Bank Lending
S&C’s lending practice includes the representation of buyers, sellers and borrowers in strategic contexts and the representation of arrangers in the design, negotiation and syndication of innovative facilities. Our bank lending practice involves every office of the Firm, with lawyers working together on cross-border transactions and financings throughout North America, South America, Europe and Asia.
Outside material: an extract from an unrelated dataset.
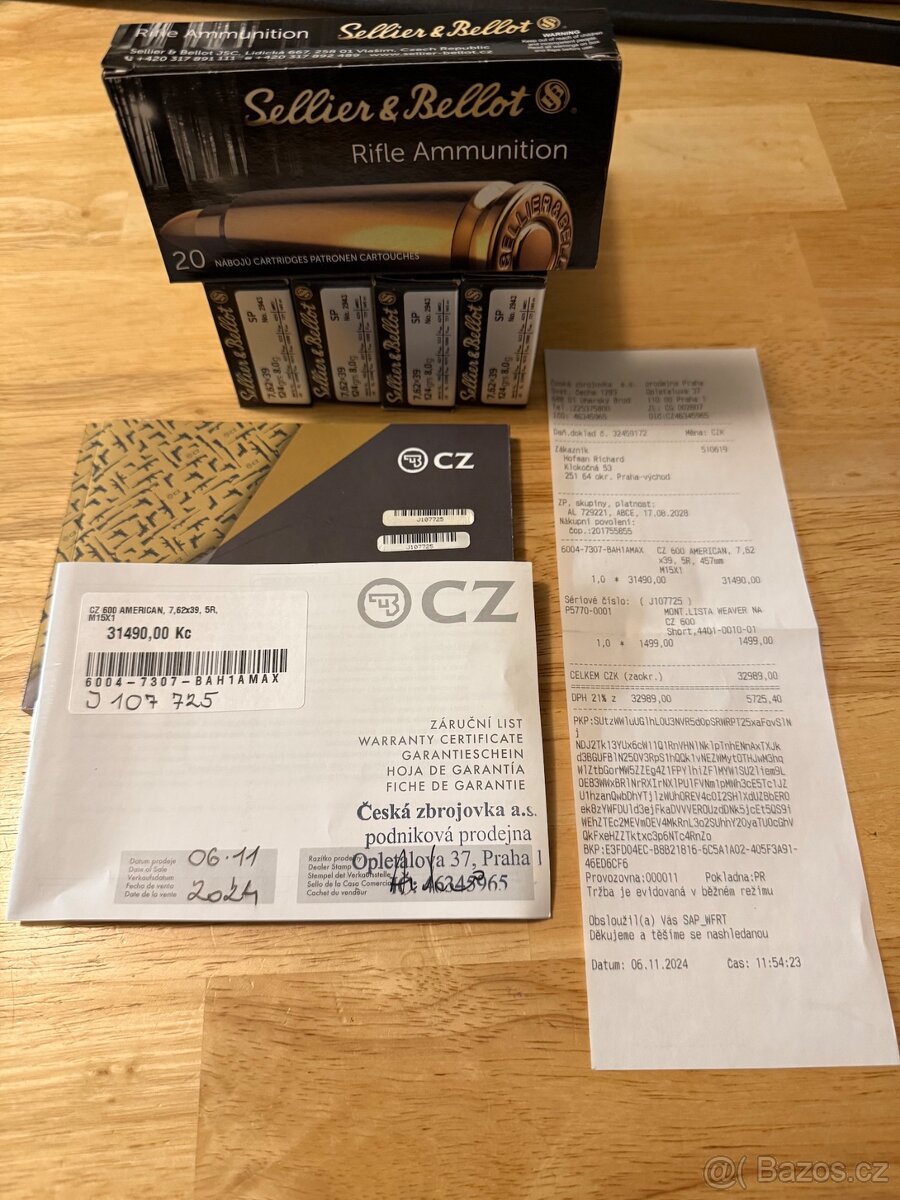Kulovnice CZ 600 AMERICAN 7,62x39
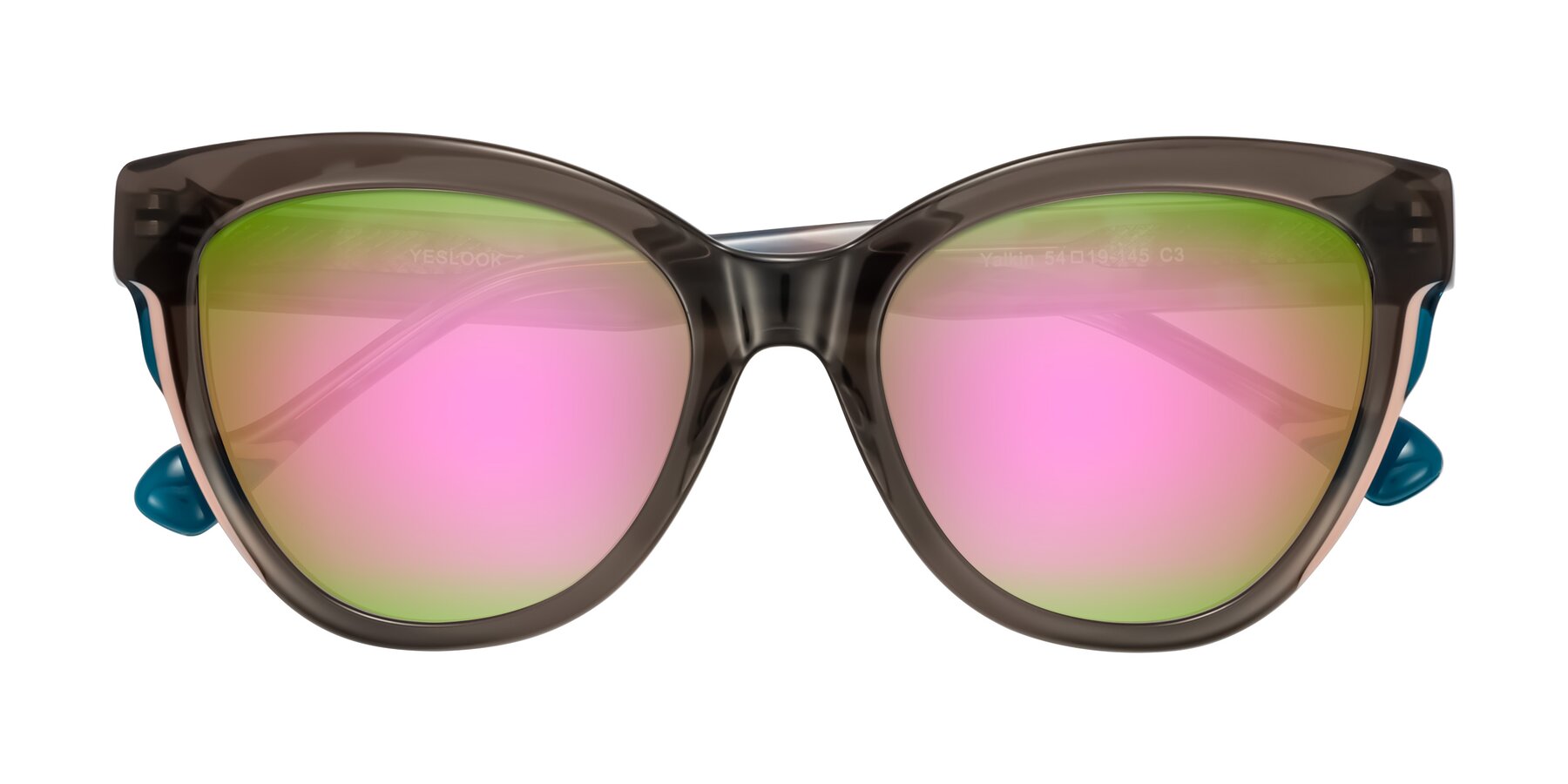 Folded Front of Yalkin in Gray/Tortoise with Pink Mirrored Lenses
S&C lawyers have experience with:
- large bridge financings, including roles on the acquisition financings for Philips Semiconductor, Toys “R” Us and others and familiarity with the financings involved in our significant M&A mandates such as HCA and Aramark;
- terms available to financial bidders in the U.S., London and Hong Kong loan markets, including the details of firm commitment letters in both the U.S. and European (“funds certain”) styles;
- the integration of sophisticated financial structures into standard acquisition commitment papers to lower financing costs (e.g., the design of the bridge-to-securitization structures for the Hertz and Neiman Marcus staple packages) or to reduce risk (e.g., the mitigation of sign-to-close energy price risk in the acquisition of the competitive generation business of Northeastern Utilities);
- asset-backed loans of all types;
- DIP and exit financings;
- loan securitizations;
- Term B, second lien and other common syndicated loan products in the financial institution, energy, commodity, media, telecommunications, gaming, retail, airline, automotive and other sectors; and
- novel PIK and mezzanine products, such as those utilized in the financing for the MBO of Peacock or pending private equity investments, emerging market financings and restructurings throughout Latin America, Africa and the former Soviet Union.